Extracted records
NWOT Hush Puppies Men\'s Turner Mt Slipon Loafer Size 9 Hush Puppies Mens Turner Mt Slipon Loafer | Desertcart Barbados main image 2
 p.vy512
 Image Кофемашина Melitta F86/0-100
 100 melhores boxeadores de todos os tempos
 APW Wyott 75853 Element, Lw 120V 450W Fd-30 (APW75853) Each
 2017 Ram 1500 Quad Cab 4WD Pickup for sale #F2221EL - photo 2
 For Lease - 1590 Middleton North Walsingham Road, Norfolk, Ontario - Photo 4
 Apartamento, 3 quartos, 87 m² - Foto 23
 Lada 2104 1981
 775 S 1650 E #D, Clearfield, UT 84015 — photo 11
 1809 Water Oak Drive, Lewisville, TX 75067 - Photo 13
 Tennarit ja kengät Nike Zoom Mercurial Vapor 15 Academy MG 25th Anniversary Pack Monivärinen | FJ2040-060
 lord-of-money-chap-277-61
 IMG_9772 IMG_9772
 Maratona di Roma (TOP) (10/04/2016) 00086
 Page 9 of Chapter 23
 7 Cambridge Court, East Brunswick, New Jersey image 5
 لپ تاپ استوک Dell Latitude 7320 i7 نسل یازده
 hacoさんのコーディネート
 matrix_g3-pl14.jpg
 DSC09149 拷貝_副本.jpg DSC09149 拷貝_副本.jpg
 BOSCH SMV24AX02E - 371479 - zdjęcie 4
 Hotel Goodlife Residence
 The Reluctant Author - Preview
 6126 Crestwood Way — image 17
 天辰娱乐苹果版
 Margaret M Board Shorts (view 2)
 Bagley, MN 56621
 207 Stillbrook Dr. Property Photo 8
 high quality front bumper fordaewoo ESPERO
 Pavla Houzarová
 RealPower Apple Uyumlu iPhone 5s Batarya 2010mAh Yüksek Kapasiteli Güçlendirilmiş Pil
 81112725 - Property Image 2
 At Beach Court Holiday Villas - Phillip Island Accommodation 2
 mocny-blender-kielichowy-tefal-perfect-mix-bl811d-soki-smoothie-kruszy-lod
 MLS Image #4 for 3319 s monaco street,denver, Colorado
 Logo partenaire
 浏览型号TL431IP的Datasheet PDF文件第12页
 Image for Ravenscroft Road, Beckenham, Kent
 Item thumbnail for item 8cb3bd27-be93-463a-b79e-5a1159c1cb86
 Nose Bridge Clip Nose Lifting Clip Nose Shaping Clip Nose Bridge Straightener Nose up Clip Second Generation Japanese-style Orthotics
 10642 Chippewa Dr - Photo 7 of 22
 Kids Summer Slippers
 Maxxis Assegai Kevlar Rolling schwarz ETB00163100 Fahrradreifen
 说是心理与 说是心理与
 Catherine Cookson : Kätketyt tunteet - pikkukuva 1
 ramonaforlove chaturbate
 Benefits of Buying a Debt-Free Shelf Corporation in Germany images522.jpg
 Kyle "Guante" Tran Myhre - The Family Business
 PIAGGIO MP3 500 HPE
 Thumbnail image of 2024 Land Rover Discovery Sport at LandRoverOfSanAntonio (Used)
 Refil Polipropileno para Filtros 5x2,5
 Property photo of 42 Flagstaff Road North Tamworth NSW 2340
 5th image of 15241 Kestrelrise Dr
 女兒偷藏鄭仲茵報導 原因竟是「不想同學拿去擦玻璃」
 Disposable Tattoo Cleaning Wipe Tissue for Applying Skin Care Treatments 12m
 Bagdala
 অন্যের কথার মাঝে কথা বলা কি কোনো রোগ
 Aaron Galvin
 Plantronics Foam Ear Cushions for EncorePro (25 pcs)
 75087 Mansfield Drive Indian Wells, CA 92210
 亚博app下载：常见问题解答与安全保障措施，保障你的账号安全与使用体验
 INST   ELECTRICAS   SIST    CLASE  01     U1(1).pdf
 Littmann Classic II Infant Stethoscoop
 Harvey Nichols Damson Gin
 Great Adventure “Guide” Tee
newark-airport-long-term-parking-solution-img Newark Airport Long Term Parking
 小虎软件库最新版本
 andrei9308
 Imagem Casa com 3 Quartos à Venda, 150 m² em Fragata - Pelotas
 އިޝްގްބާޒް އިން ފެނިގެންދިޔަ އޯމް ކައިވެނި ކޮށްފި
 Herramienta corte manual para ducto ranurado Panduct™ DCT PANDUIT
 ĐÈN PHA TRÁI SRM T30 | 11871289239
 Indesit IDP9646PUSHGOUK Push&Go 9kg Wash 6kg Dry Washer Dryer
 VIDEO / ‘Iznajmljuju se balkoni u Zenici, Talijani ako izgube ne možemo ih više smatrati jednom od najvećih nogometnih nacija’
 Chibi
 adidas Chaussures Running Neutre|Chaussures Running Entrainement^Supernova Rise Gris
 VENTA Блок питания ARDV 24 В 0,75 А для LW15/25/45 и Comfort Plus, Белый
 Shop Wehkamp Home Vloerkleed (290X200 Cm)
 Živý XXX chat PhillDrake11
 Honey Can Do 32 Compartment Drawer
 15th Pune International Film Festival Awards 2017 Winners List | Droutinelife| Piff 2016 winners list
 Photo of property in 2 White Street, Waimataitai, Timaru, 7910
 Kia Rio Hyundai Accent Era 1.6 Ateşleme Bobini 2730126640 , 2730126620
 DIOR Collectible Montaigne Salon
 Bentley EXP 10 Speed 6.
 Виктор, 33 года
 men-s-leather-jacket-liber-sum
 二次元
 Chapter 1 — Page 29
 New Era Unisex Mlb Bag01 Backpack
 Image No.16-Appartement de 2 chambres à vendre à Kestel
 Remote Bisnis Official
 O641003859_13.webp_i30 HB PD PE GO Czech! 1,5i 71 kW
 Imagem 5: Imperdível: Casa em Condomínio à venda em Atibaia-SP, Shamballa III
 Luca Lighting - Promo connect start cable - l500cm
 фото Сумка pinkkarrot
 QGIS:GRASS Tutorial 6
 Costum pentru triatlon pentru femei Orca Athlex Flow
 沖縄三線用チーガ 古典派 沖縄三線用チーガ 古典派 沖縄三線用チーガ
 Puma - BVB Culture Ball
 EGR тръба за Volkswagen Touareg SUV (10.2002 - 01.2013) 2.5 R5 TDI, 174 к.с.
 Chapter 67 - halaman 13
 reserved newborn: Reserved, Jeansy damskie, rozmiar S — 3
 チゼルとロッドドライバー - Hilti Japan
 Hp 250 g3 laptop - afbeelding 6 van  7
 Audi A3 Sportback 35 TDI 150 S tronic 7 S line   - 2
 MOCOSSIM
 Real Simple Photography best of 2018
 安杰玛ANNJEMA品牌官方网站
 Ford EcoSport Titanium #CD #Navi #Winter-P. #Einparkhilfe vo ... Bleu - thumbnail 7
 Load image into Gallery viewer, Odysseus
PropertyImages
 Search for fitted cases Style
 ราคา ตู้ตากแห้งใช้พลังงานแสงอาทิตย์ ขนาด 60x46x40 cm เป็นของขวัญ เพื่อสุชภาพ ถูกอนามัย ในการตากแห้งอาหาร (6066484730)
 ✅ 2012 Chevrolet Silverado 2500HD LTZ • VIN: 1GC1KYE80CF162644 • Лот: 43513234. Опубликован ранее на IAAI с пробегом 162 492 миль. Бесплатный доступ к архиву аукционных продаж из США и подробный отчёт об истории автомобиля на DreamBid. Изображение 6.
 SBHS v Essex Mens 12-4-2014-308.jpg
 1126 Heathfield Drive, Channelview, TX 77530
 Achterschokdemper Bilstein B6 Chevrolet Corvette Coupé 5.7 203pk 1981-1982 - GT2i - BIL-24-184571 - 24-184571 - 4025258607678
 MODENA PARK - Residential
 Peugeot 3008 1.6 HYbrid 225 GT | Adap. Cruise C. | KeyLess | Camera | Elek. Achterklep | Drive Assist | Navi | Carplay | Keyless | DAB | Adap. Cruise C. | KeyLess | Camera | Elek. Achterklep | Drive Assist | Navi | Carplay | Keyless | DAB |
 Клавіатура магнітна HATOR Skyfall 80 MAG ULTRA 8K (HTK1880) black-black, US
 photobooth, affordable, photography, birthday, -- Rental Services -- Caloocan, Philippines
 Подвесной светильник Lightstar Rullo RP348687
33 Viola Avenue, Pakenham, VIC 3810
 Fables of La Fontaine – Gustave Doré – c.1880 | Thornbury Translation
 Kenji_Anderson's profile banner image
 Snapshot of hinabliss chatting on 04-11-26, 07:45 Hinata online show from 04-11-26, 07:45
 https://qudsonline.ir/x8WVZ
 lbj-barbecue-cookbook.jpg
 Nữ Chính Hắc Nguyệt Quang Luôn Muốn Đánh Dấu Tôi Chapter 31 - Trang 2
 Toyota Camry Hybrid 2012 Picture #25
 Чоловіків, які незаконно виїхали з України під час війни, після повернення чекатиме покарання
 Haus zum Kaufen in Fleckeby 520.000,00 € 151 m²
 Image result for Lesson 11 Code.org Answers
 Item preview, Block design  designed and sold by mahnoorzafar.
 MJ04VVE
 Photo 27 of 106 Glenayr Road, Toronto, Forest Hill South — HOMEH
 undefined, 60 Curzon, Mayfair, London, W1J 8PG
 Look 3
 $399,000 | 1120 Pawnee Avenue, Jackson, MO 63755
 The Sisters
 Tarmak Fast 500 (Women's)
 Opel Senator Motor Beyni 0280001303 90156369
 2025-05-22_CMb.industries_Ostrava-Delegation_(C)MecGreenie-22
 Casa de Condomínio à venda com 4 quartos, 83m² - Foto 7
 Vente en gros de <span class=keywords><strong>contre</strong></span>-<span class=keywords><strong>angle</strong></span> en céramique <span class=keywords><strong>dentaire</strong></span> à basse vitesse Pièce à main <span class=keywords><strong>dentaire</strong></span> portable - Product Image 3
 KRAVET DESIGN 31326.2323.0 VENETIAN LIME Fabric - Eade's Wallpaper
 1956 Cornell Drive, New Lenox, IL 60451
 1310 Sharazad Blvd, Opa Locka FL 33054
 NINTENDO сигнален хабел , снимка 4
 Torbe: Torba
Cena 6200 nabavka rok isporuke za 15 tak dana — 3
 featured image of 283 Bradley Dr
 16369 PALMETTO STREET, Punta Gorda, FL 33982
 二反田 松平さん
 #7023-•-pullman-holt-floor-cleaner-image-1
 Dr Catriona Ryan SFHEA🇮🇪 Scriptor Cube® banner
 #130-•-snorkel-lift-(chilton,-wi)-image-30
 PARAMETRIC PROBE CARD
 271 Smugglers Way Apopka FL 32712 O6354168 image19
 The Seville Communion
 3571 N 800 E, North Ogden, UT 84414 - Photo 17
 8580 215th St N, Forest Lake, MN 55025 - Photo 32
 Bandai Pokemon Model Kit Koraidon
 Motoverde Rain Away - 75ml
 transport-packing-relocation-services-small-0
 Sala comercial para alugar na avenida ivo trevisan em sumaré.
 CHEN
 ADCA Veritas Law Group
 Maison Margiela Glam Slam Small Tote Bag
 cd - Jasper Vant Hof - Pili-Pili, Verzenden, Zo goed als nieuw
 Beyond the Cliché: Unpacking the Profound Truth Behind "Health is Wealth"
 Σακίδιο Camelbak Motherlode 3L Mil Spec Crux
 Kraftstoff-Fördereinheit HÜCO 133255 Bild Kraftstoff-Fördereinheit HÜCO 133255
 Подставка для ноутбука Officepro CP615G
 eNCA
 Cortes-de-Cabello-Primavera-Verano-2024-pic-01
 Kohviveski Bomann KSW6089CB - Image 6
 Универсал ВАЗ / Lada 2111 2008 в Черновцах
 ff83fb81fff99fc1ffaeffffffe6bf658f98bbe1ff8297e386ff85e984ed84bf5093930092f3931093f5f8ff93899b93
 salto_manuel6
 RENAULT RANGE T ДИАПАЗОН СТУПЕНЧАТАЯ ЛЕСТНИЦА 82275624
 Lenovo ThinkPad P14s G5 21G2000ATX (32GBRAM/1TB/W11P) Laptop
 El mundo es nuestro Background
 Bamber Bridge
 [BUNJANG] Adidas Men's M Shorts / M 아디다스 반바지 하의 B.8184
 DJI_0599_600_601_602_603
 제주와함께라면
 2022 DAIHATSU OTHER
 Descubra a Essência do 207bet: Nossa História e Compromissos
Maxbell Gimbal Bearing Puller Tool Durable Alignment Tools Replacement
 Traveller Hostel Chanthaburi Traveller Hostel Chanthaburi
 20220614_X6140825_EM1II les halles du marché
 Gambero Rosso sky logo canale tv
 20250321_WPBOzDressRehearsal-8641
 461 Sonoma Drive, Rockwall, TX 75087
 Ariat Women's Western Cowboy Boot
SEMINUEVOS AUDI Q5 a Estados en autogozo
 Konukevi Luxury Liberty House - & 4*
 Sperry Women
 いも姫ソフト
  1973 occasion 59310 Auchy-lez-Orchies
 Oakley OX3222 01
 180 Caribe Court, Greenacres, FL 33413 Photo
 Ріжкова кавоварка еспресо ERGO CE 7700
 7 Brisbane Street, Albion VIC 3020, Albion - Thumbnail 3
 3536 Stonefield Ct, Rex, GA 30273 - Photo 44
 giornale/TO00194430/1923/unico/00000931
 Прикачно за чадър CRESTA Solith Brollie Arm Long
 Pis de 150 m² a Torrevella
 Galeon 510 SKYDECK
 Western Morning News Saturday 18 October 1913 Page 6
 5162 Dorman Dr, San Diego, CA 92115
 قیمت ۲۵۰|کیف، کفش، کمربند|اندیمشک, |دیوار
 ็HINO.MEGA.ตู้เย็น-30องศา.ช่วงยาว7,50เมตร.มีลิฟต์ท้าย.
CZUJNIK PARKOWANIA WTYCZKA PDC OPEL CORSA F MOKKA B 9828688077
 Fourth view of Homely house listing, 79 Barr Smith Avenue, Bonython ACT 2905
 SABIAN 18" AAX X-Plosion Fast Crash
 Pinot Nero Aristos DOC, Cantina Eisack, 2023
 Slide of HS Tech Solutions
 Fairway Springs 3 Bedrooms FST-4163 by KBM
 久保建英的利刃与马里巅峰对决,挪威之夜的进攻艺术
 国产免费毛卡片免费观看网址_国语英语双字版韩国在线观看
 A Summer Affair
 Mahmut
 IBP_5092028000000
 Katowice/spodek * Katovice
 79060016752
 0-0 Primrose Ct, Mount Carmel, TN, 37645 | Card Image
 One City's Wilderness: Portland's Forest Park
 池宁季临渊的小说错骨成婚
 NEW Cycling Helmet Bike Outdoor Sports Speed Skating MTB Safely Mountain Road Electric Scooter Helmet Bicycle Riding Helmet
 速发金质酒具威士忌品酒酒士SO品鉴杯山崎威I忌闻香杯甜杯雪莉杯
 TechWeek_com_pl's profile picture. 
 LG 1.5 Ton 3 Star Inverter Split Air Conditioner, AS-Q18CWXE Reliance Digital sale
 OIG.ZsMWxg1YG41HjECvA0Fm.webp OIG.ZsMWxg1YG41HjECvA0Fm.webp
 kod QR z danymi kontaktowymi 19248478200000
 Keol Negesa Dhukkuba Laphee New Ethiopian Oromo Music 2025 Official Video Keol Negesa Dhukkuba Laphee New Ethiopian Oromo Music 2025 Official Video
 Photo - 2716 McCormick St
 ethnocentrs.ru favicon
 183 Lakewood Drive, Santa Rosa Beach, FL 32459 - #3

> [Exercise details] What is the number of lines in the entries above that contain the string "Item"? Reply with the number and nothing more.

> [Task answer] 2